Personally, I don’t think I could sit through a whole film anymore. Why would I want to? An Instagram Reel could give me the same hit of emotion in a much shorter timeframe – it is literally designed to be the perfect quick fix. The people around me are the same: lectures on double speed, YouTube videos watched with one finger tensed over the button that skips 5 seconds ahead, impatience with any media longer than a few minutes at most. In fact, nearly 50% of users surveyed by TikTok said that videos longer than a minute long were “stressful”. The truth is that our attention spans are shrinking – so much so that the effect of short-form media on our cognitive functions has been given a name: TikTok Brain. As this is a fairly new concept, there is not a lot of long-term scientific research yet, however, it has long been established that use of social media negatively affects academic performance by creating an attention deficit. Furthermore, a  recent study focusing on young adults who use the Chinese equivalent of TikTok – Douyin – found mild to significant “addiction-like symptoms” in more than half of the participants. The correlation between short-form media and attention deficit needs more research, but with the evidence available, a worrying relationship seems to be emerging. 
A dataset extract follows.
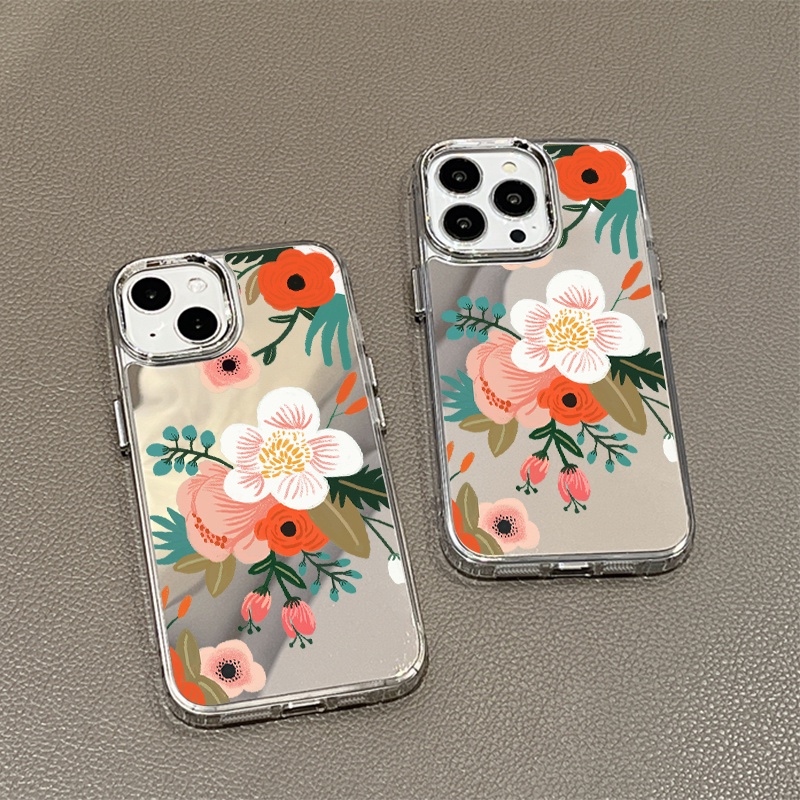 IPHONE Lukisan Bunga Cermin Ponsel Case Kompatibel Untuk Iphone11 12 13 14 12Pro 13Pro 14Pro Pro Max XR X XS Max Electroplating Tombol Perlindungan Mirror Cover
The addictiveness of short-form media isn’t just due to its more easily digestible length. Its brief nature means that more can be produced in a specific span of time. This oversaturation of entertainment possibilities further affects our attention spans. More choice means even less patience. The sheer amount of exciting new things to watch has birthed a much more competitive and fast-paced media landscape. Researchers from the Technical University of Denmark conducted a study, titled “Accelerating Dynamics of Collective Attention” showed a notable decrease in attention span over time, due to the “increasing production and consumption of content”. They discovered that a 2013 hashtag stayed on top for 17.5 hours on average, but in 2016, a top hashtag only retained its spot for an average of 11.9 hours. We crave fresh, we crave new, we crave more.

Short-form media has us acting like children in a candy shop and who can blame us? It’s human nature. Media that cuts straight to the chase in turn frees up more time to chase that dopamine high. It is an addiction that has been specifically modelled to prey on the way our brains work. It is a trap and a damn entertaining one at that.